The Digitalization Myth

The short-circuit in the discussion on digital transformation

If one is to believe the rhetoric of management and consulting, it would seem as if the increasing digitalization of products and services will lead to companies having no stone left upon another. Possibilities for processing larger and larger amounts of data, advancements in robotics and groundbreaking development in the creation of artificial intelligence result, according to the general consensus, in less predictability for companies. What is needed are new, more agile organizations in which employees are able to work together beyond the confines of their own departments. We are talking about nothing short of a revolution that should take place in companies everywhere.

Without a doubt, the business fields of many companies are currently undergoing changes. For telecommunication companies digitalization is dissolving the boundaries between telephoning and the Internet more and more; publishing houses are changing from being distributors of printed magazines and books to becoming providers of bite-sized scraps of information; and automobile manufacturers are driven more and more by the worry that digitalization will soon render cars with combustion motors obsolete. These changes in the business fields of companies are obvious, yet the belief that fundamentally new markets will necessarily lead to fundamentally new organization structures can be seen as somewhat of a fallacy; an intellectual ‘short-circuit’.

Admittedly — the adjustment to changed markets inevitably leads to a re-customization of departments, an adjustment of hierarchies and a change of the formal programs in companies. But is it true that, as proclaimed, the structuring of departments will become obsolete, the grading of responsibilities into hierarchies will become a thing of the past and that putting down in writing what is expected of employees will lose its significance, perhaps even disappear altogether? Will we actually witness a proper organizational revolution?

Firstly, regarding the dissolution of departments: In light of digitalization, the word ‘department’ has become something of a dirty word. Consequently, companies that fail to adapt to changed markets suffer from silo mentality. With plenty fanfare, large companies are announcing the dissolution of this silo mentality. If, however, work processes are created to correspond to products, processes and projects instead of functions, this will not help abolish silo thinking — it will merely result in the creation of new kinds of silos.
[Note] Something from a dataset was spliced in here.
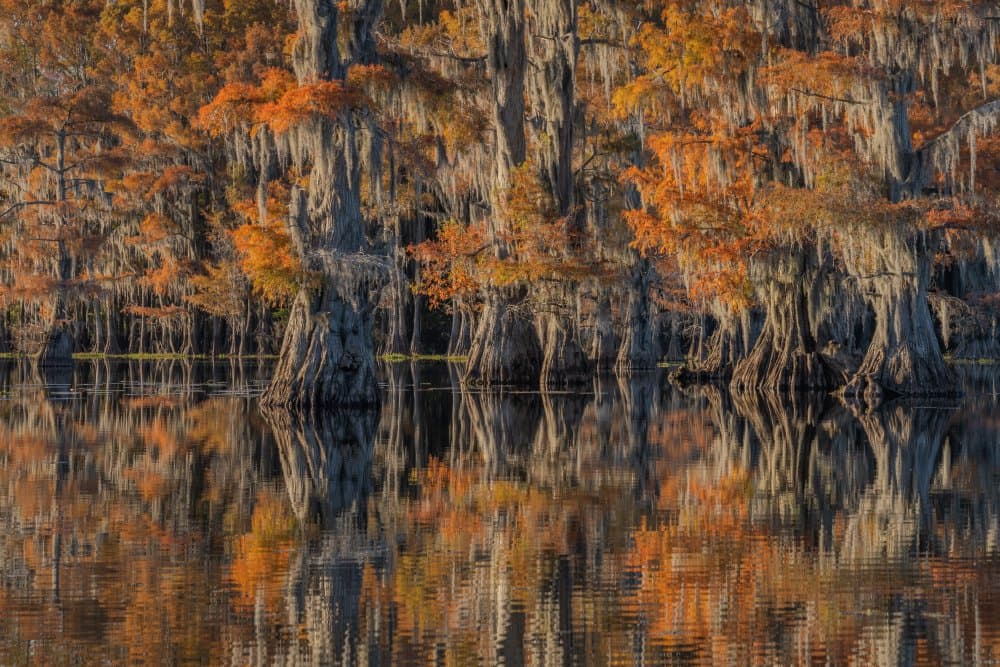 Golden Cypress Reflections by jenny j rao — canvas wall art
Secondly, on the reduction of hierarchies: According to popular opinion, hierarchies will become increasingly counterproductive as a result of digitalization. Instead of fixing leadership claims once and for all in a hierarchy, these leadership claims would instead fluctuate between co-workers depending on their competencies and availability. Even if only very few companies dare announce their farewell to hierarchies, there is at least an undeniable propagation of both a reduction of and a stronger permeability between hierarchical levels. However, the fact remains that, firstly, hierarchy is still kept a central structuring form, which begs the question of who is actually in control at any one time. Additionally, the flattening of hierarchies may actually lead to the strengthening of the influence of the highest hierarchical levels, as one would tend to get rid of the middle hierarchical levels and not the higher ones. As a poignant example that digitalization does not dissolve hierarchical differences of status, it is enough to look at daily email traffic at work: while high-ranking managers write ‘modern email notes’, often with careless or highly adventurous spelling, middle management makes an effort to use a thorough, often excessively diplomatic style in their communications to the higher echelons. As a marker of agility, the occasional exclamation points and pithy sentence are certainly permitted, just as long as they are used in moderation.
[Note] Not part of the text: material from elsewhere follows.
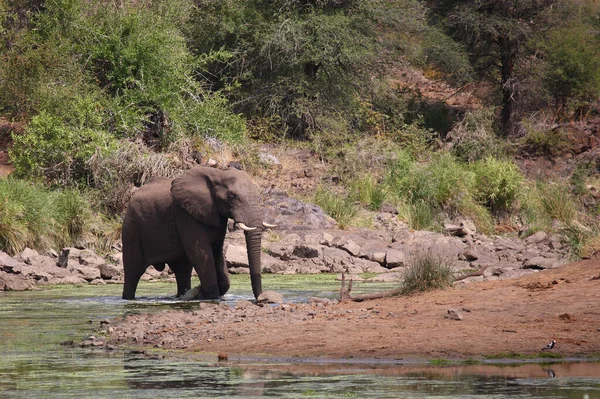 Afrikanischer Elefant Sweni River Elefante Africano Sweni River Loxodonta Africana — Foto de Stock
Thirdly, regarding the de-formalization of organizations: The prompt reaction to changes in the market is said to make it necessary to abstain from fixing programs too rigidly. Instead of top-down programs, employees should have the possibility to adjust programs autonomously. Admittedly, companies can naturally grant their employees the possibility of setting themselves their own rules for the realization of defined goals. But they should not deceive themselves into thinking that programs have in any way disappeared; they have simply been redefined. A pinch of realism may be helpful here: whenever the next adjustment is due and whoever’s task it may be to carry it out, it will be defined by an informal hierarchy instead of a formal one. Whoever believes that their company can afford foregoing the programming of goals and processes should take a good look at the internal processes at Facebook, Google or Microsoft. Compared to these pioneers of digitalization, there is a number of production plants and automotive suppliers that come across as showcase models of de-bureaucratized companies.

In management and consulting publications there is hardly anything more constant than the proclamation of the necessity of a revolutionary change in companies. As early as the end of the 1980s, beginning of the 1990s, organization consultants, self-proclaimed management gurus and a handful of organizational scientist did not shy away from speaking of the ‘need for a revolution’. So-called ‘stage directions for revolutionaries’ became popular. Calls for ‘real revolutions’, ‘soft revolutions’ or ‘cultural revolutions’ in companies resurfaced with the Internet boom, which was fueled by risk capital funding at the end of the 90s. Thus, these calls for a revolution towards agile organization forms are nothing more than the periodical announcements of essentially new organization forms by overhyped management gurus and agility-crazed consultants every ten to fifteen years. But despite all this talk of organizational revolution, hardly anything has remained as constant in companies as the functional division of labor, hierarchical classification and the structuring of work by programs.